「金剛輪寺」をめぐります。
参道を進みます。本堂までの参道沿いには千体地蔵が並びます。
参道を登り詰めると「二天門」があります。室町中期に建立。当初は2階建ての楼門だったようですが、江戸中期に一重にしたようで、国重要文化財です。ここにも七難即滅を願って奉納された大草鞋が下げられています。
門の左右に「持国天」と「増長天」が祀られています。
「松峯山金剛輪寺」は、奈良時代中期の天平13年(741)聖武天皇の勅願により行基によって開山されたお寺です。平安時代の初めに比叡山より慈覚大師が来山し、天台密教の道場とされて以来、天台宗の大寺院となりました。
現本堂は、元弘の役(蒙古襲来)の戦勝記念として、弘安11年(1288)、時の近江守護職佐々木頼綱によって建立されました。
このお寺も信長の焼き討ちにより一部被害を受けましたが、本殿・三重塔・二天門など主要建物は被害を免れています。

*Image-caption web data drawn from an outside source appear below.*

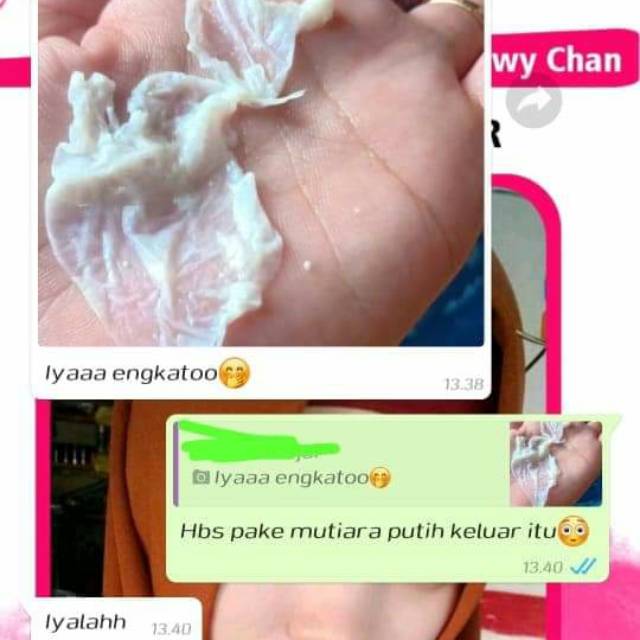Mutiara putih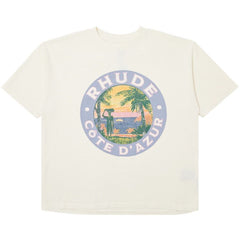 Rhude Lago T-Shirt Vintage White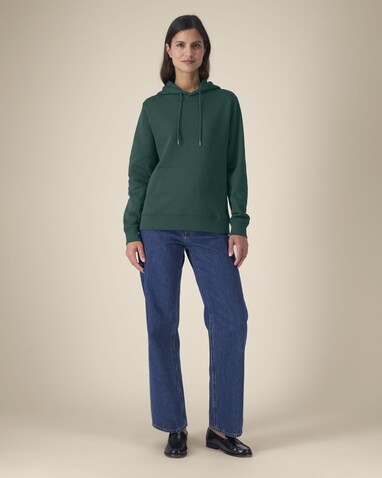Stella Gamechanger - Der Damen-Hoodie aus recycelter Baumwolle - Glazed Green - XXL bedrucken, Art.-Nr. STSW268C0362X Stella Gamechanger - Der Damen-Hoodie aus recycelter Baumwolle - Glazed Green - XXL bedrucken, Art.-Nr. STSW268C0362X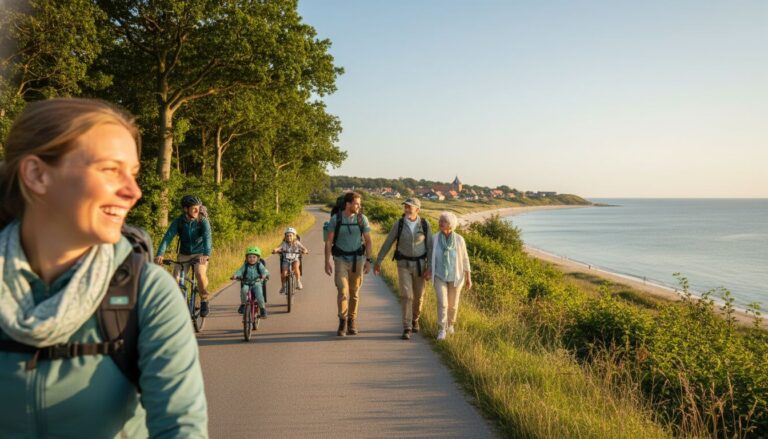 7 inspirerende oplevelsesruter i Danmark for alle rejsende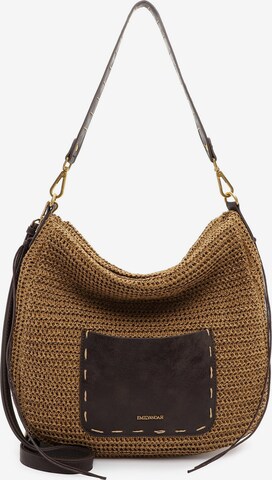 Emily & Noah Pouch in Brown: front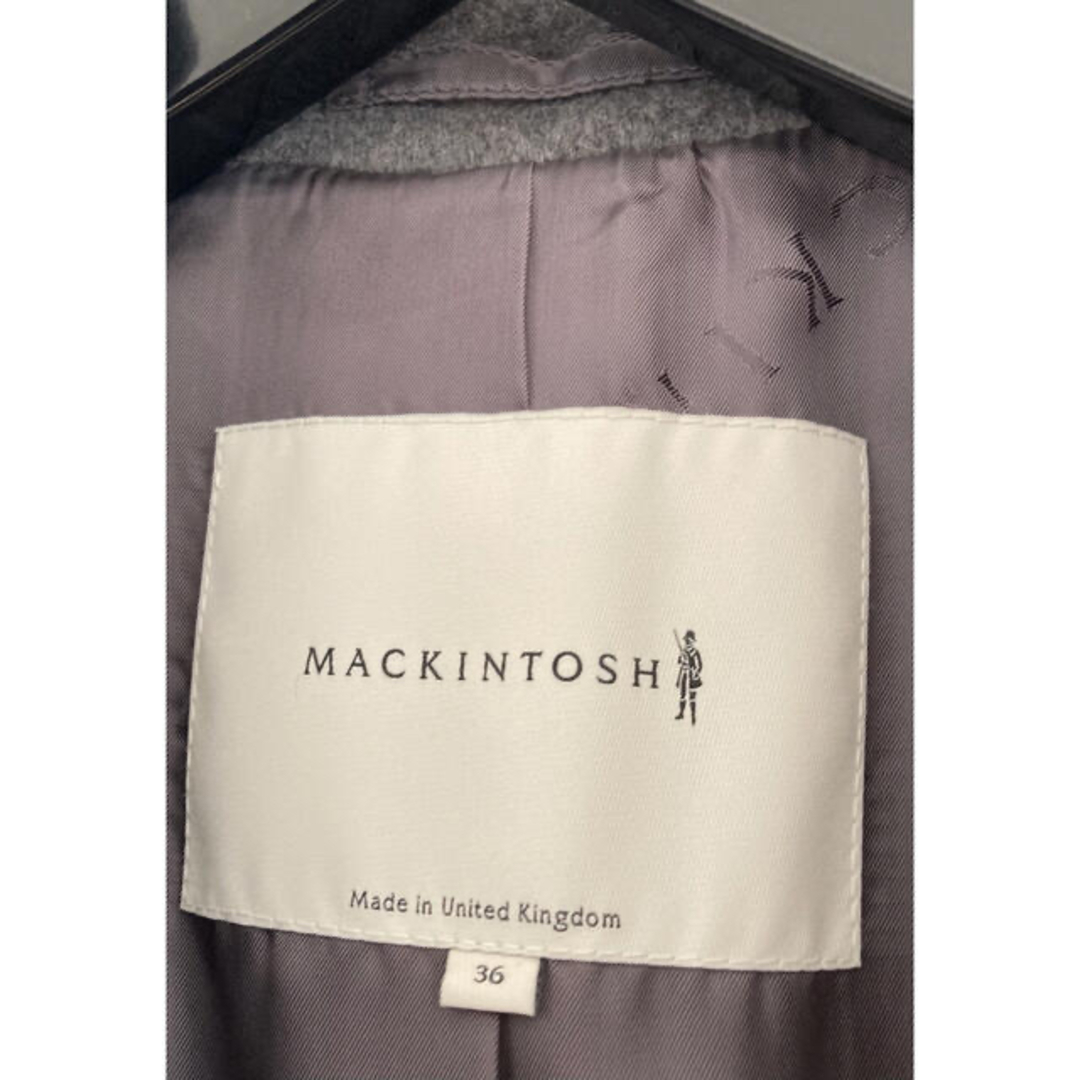 MACKINTOSH(マッキントッシュ)のマッキントッシュ　チェスターコート ロングコート メンズのジャケット/アウター(チェスターコート)の商品写真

「大悲閣」といい、七間四面(約22m四方)のほぼ正方形です。入母屋造檜皮葺、内部は外陣・内陣・後陣に分かれ、外陣と内陣の間には、天台宗独特の吹き寄せ菱格子の欄間により結界を設けています。中世密教本堂の代表的建築として国宝に指定されています。
以下の写真は「伝教大師最澄1200年魅力交流コミュニケーションサイトいろり」からお借りしました。
内陣に入ると「慈覚大師坐像」があます。
慈覚大師円仁(794~864)第三世天台座主。15歳で最澄に師事、中国に渡り
五台山・長安で勉学、帰国後は天台密教の大成につとめた。
中央には厨子があり、内部には行基が一刀三礼で彫ったという本尊「聖観世音菩薩(秘仏)」が祀られています。
観音様は人々を苦しみや災いから救い、その慈しみの心は大海の如く無量である…観音経
須弥壇には本尊を守るように両脇には不動明王と毘沙門天、その前には多聞天。広目天・増長天・持国天が並び、その後ろには二体の阿弥陀如来坐像が同じく両脇にまつられています。こういった像の配置は、天台宗独特の三尊形式だそうです。
本堂内の仏像の多くは、国重要文化財に指定されています。
後陣には「大黒天」や…
「慈恵大師坐像」が祀られています。
本堂の奥手の高台に聳えるのが「三重塔」です。鎌倉時代の寛元4年(1246)に建立されたもので、国重要文化財に指定されています。
拝観を終え参道を下ります。紅葉・黄葉が彩る風景が本当に素敵です。